Propondo uma relação entre as cantorias tradicionais e os cantos das igrejas, Clarinda produz uma etnografia dialógica, centrada na contextualização do seu lugar de fala e no registro de sua trajetória de vida, com destaque à sua luta como mulher indígena na cidade e a todo o percurso por ela caminhado para a consolidação da formação acadêmica como mestre em Antropologia Social.
A narração de sua própria história traduz também a experiência que ela tem com as cantorias Sateré-Mawé, assim como, na ativação da memória da cosmologia musical de seu povo, evidencia outro tipo de musicalidade muito presente no cotidiano das aldeias visitadas por Clarinda: a dos cantos das igrejas, produtos de um violento período colonizador e catequético/evangelizador, que proibiu a manifestação das cantorias tradicionais.
Para apresentar todo esse tempo e espaço da vida Sateré-Mawé, a autora faz o relato das cantorias, de dois gêneros específicos, as cantorias de mulheres e as do ritual da Tucandeira, mostrando como a performance musical transmite conhecimentos e revela processos socioculturais da formação da pessoa Sateré-Mawé.
De acordo com Clarinda, “as cantorias falam da cosmologia, da história, da luta, da relação e comunicação com os animais. É uma maneira específica de expressar o ser Sateré-Mawé e a transmissão de conhecimento à nova geração”.

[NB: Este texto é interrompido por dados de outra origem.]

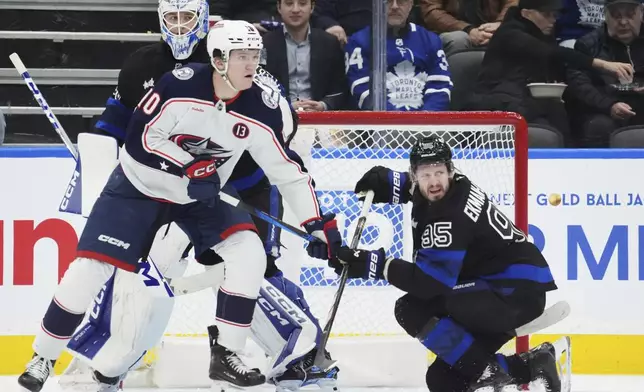 Toronto Maple Leafs goaltender Dennis Hildeby, Columbus Blue Jackets' Dmitri Voronkov (10) and Maple Leafs' Oliver Ekman-Larsson (95) look for the puck during the second period of an NHL hockey game in Toronto on Wednesday, Jan. 22, 2025. (Frank Gunn/The Canadian Press via AP)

Por essa razão, para a autora, a música, nesta obra, é uma categoria antropológica de cantoria; justamente por não somente representar a musicalidade, mas também por contar uma história, transmitir um conhecimento – a do seu povo.
Além disso, no último capítulo, Clarinda mostra o contexto histórico da presença das igrejas nas aldeias Sateré-Mawé, retratando a luta e as resistências das lideranças para não serem vencidas pela cultura do branco.
Destaca, por exemplo, como os cantos das igrejas (católicas, evangélicas e adventistas) foram ressignificados pelos Sateré-Mawé e, hoje, tornam-se também cantorias, pois, neles, são acionados os elementos da cultura desse povo (animais, florestas, cosmologias) em uma dinâmica social para não perder a essência indígena.
Segundo Clarinda Maria Ramos, esse é o “novo” jeito de ser Sateré-Mawé, que valoriza a sua cultura e a identidade indígena e reage às investidas das igrejas.